Aulonocara on Flickr

Labidochromis Caeruleus (hybrid most likely)

Possible Lab. hybrid on Flickr


----------



## Chester B (Dec 28, 2012)

Pretty good on the ID's

First fish is commonly referred to as black and white acei
http://www.cichlid-forum.com/profiles/s ... php?id=835

Second fish is your standard tank bred zebra so mostly estherae like you already guessed

Third is an albino aulonocara. Don't think you'll ever be able to pin down what species of Albino Aulonocara though

Fourth fish again you're correct, its mostly Yellow lab.


----------



## Bootstraps (Oct 13, 2014)

THANKS! I did as much searching as i could to pin things down.
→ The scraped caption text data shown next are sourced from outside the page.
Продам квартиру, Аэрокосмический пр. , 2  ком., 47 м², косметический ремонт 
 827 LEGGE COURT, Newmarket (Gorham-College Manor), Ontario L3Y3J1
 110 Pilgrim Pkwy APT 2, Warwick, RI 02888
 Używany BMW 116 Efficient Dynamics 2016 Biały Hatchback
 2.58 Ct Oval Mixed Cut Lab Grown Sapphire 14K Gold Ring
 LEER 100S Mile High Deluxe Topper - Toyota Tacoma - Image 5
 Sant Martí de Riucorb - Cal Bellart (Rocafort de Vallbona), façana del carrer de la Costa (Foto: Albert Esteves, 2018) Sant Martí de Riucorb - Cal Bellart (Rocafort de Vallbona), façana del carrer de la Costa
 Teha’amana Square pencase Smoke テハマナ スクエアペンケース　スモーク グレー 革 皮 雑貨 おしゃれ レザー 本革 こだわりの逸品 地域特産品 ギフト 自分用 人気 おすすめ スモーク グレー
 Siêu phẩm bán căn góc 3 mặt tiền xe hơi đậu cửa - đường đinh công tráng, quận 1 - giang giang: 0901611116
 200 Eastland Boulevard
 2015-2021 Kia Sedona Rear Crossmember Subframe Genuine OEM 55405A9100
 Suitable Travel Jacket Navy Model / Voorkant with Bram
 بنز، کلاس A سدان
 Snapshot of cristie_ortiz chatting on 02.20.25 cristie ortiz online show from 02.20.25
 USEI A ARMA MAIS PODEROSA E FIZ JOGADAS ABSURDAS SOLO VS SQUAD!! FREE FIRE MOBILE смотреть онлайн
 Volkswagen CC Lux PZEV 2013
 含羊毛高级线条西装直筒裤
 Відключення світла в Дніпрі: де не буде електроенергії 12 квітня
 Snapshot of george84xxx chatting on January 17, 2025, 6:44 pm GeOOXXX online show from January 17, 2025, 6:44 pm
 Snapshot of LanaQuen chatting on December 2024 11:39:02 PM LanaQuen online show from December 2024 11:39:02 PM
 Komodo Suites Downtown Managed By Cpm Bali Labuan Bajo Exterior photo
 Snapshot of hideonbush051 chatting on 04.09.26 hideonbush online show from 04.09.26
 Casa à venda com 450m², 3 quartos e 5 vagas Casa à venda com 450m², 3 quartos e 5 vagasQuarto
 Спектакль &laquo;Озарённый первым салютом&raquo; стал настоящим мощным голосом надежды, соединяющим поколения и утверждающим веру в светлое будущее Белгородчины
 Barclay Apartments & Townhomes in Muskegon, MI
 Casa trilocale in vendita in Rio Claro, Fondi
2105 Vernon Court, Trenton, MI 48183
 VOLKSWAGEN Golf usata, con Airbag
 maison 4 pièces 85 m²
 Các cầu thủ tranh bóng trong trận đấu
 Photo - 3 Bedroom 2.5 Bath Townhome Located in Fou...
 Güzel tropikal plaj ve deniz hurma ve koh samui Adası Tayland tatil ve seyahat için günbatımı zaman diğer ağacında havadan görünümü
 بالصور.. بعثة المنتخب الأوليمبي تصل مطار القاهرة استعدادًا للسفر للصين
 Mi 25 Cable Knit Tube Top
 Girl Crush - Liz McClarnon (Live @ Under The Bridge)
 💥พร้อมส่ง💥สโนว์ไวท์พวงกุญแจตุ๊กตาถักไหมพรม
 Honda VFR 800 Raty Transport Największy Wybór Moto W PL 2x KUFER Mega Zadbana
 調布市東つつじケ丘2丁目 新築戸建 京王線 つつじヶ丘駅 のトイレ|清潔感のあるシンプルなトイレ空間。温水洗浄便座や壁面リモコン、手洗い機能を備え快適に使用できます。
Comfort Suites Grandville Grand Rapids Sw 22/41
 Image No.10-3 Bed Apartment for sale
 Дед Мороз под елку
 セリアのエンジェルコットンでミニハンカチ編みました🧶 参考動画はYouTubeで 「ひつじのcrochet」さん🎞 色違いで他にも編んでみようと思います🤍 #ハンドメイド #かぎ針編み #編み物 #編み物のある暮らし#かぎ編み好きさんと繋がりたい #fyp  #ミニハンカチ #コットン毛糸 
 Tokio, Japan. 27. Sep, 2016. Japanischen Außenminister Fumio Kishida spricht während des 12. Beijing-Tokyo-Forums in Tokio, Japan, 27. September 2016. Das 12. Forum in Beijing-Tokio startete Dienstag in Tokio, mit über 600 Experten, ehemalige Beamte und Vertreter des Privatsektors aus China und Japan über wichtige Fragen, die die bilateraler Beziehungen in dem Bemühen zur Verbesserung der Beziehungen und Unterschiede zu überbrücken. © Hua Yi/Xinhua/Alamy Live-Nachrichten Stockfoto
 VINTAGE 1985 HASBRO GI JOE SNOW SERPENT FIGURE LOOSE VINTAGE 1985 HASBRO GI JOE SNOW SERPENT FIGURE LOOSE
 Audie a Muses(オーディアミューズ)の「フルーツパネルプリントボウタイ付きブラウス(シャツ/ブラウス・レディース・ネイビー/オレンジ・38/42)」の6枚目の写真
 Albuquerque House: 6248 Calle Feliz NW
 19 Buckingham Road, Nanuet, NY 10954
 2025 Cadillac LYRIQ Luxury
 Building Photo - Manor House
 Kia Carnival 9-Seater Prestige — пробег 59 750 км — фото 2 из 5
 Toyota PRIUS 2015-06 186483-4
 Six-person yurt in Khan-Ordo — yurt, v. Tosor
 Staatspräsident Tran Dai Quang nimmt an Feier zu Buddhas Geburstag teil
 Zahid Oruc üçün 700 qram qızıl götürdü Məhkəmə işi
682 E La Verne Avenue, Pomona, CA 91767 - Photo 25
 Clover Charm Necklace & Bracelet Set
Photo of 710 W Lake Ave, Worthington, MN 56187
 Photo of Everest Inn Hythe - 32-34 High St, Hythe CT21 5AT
Glad someone was able to confirm! see you all on the forums.


----------



## nmcichlid-aholic (Mar 23, 2011)

Those ID's Look Good To Me, Too. Not Bad Finds For Coming From The Assorted Tank. They're All Looking A Little On The Chunky Side, Though, So You Might Consider Reducing The Amount You Feed A Little. What Size Tank Have You Got Them In, And Are There Any Others Not Shown Here?


----------



## Bootstraps (Oct 13, 2014)

They were small about 3/4 of an inch. they are around 1.5-2 inches now. Ok I will start cutting down a little they do look kinda fat LOL. No that is all that i have only 4 i didn't want to buy a bunch of fish and have them all die. These are my first ever fish!


----------



## nmcichlid-aholic (Mar 23, 2011)

What size is your tank (length x width x height, along with how many gallons)? I only ask because with just the 4 of them you're likely to run into some aggression issues - as they mature you might have one get dominant and start to bully the others. This can be avoided by stocking the tank with a few more fish, but to suggest which kind we need to know how big the tank is.


----------



## Bootstraps (Oct 13, 2014)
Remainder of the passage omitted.